» **WHAT TO PRODUCE**:
Exact wording is required: give all the records again, minus the pictures.

» **PROVIDED ENTRIES**:
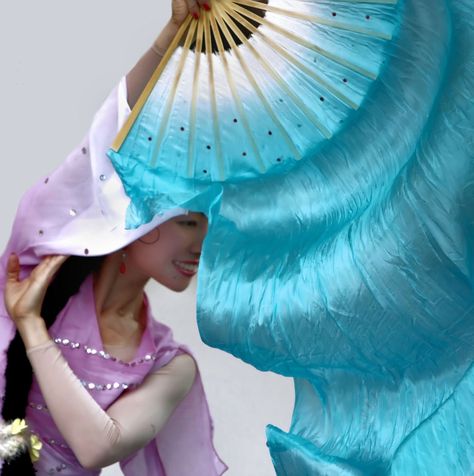 Chinese fan dancer. Photo by Guenter Eh Chinese Fan Dance, Dancer Photo, Avatar Kyoshi, Chinese Fans, Chinese Dance, Cottagecore Vibes, Chinese Fan, Fan Dance, Dance World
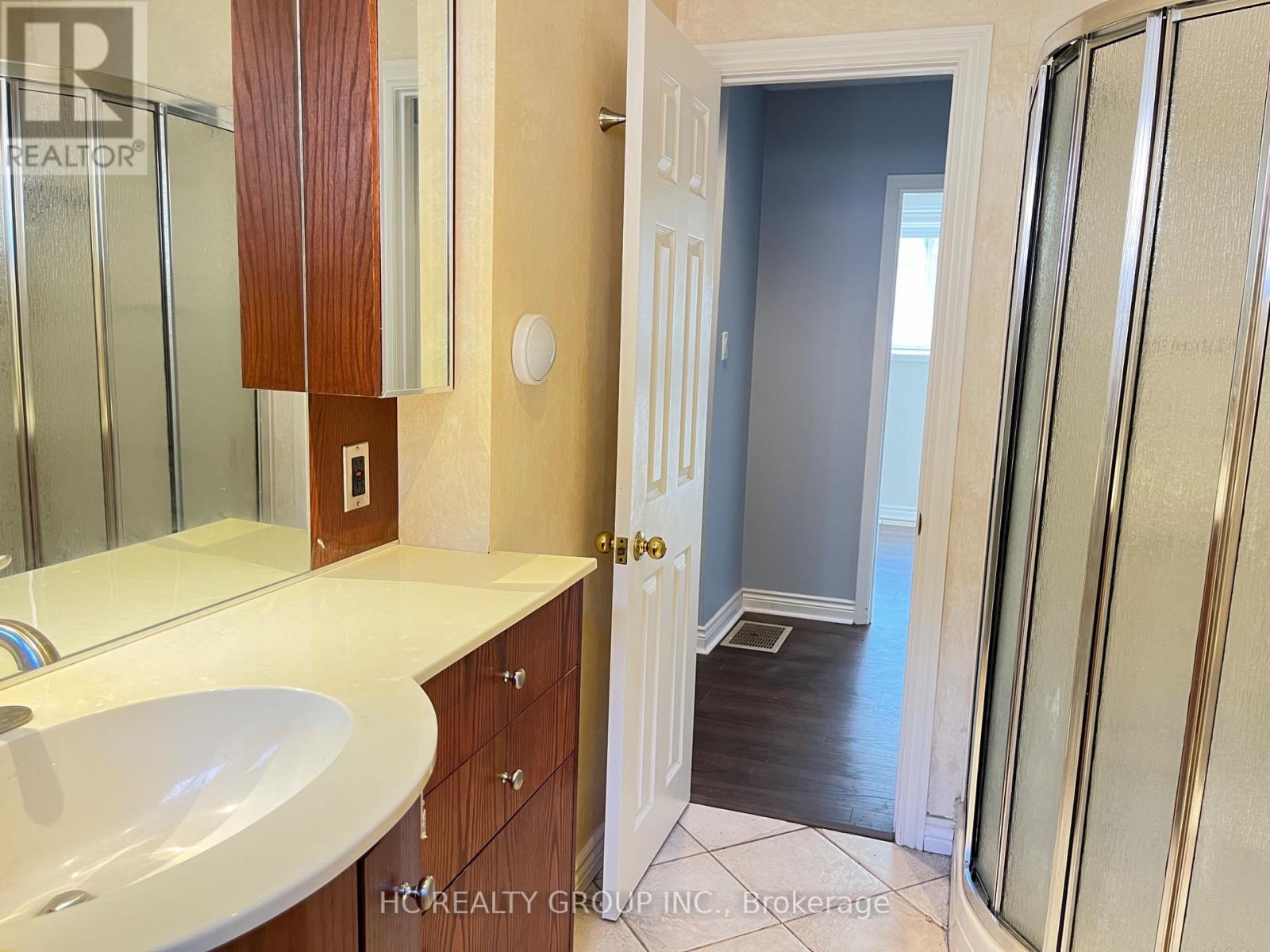 39 Dallington Drive, Toronto, Ontario  M2J 2G4 - Photo 14 - C12401102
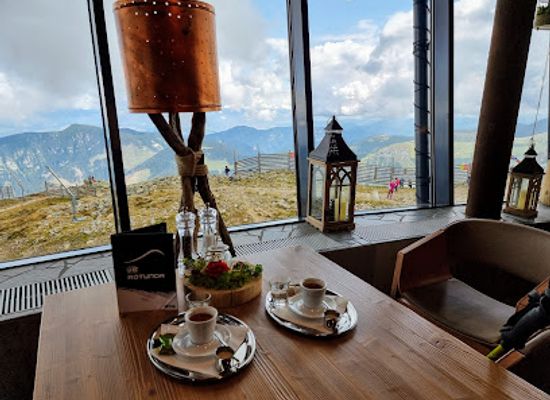 slovakia/low-tatras-national-park/restaurant/rotunda-restaurant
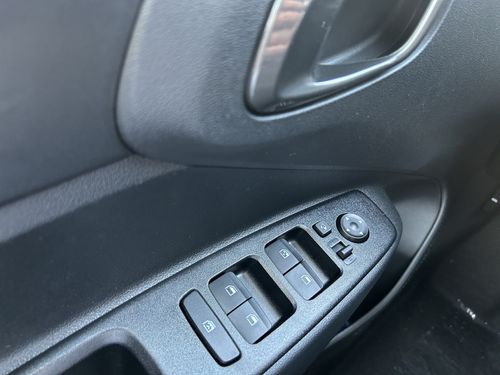 https://csb-strapi-files.fsn1.your-objectstorage.com/inventory-cars/images/5131706956758cae11f6ea27e9523f706a079062/13_500_7274.jpg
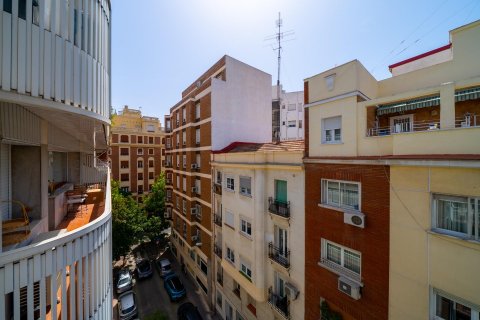 Продажа квартиры Мадрид, Испания 3 спальни, 164м2 №130595 - фото 13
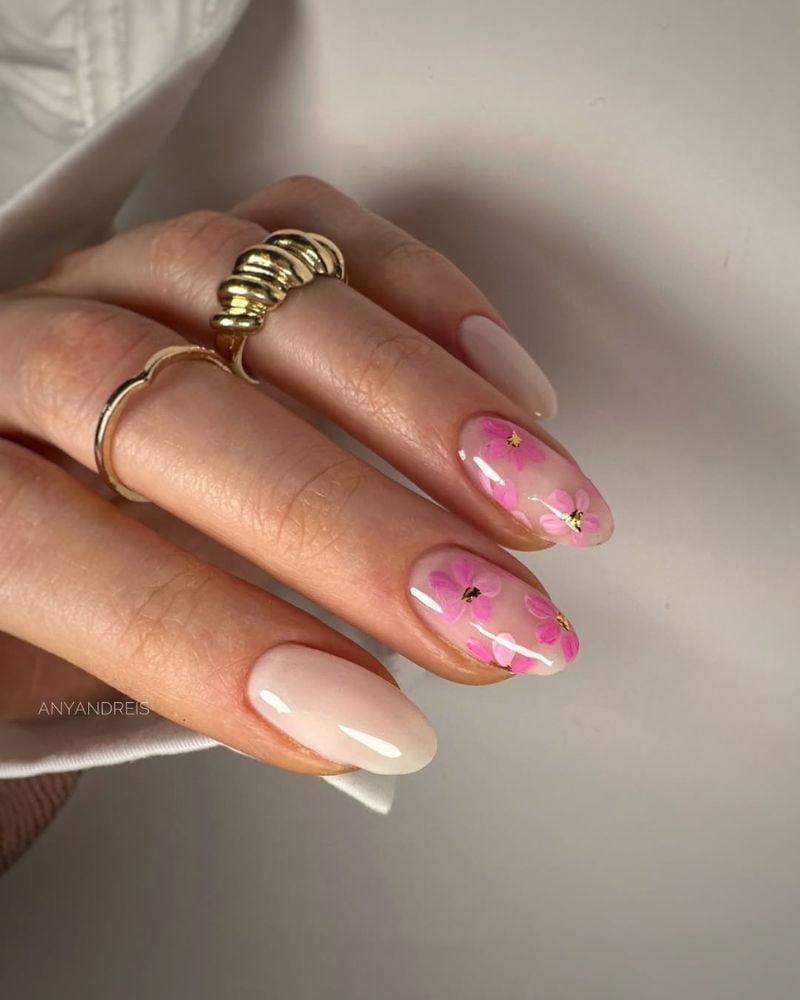 Pink Dried Flower and Gold Foil Medium Oval Nails — Simple Floral Nails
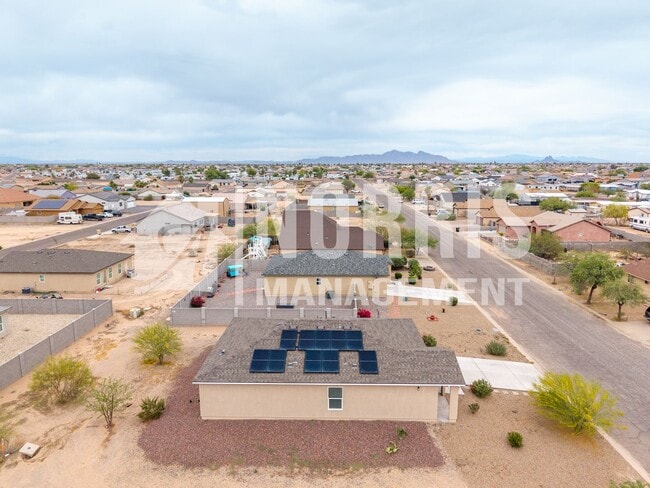 Building Photo - Beautiful New Home in Arizona City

» **TASK RESULT**:
 Chinese fan dancer. Photo by Guenter Eh Chinese Fan Dance, Dancer Photo, Avatar Kyoshi, Chinese Fans, Chinese Dance, Cottagecore Vibes, Chinese Fan, Fan Dance, Dance World
 39 Dallington Drive, Toronto, Ontario  M2J 2G4 - Photo 14 - C12401102
 slovakia/low-tatras-national-park/restaurant/rotunda-restaurant
 https://csb-strapi-files.fsn1.your-objectstorage.com/inventory-cars/images/5131706956758cae11f6ea27e9523f706a079062/13_500_7274.jpg
 Продажа квартиры Мадрид, Испания 3 спальни, 164м2 №130595 - фото 13
 Pink Dried Flower and Gold Foil Medium Oval Nails — Simple Floral Nails
 Building Photo - Beautiful New Home in Arizona City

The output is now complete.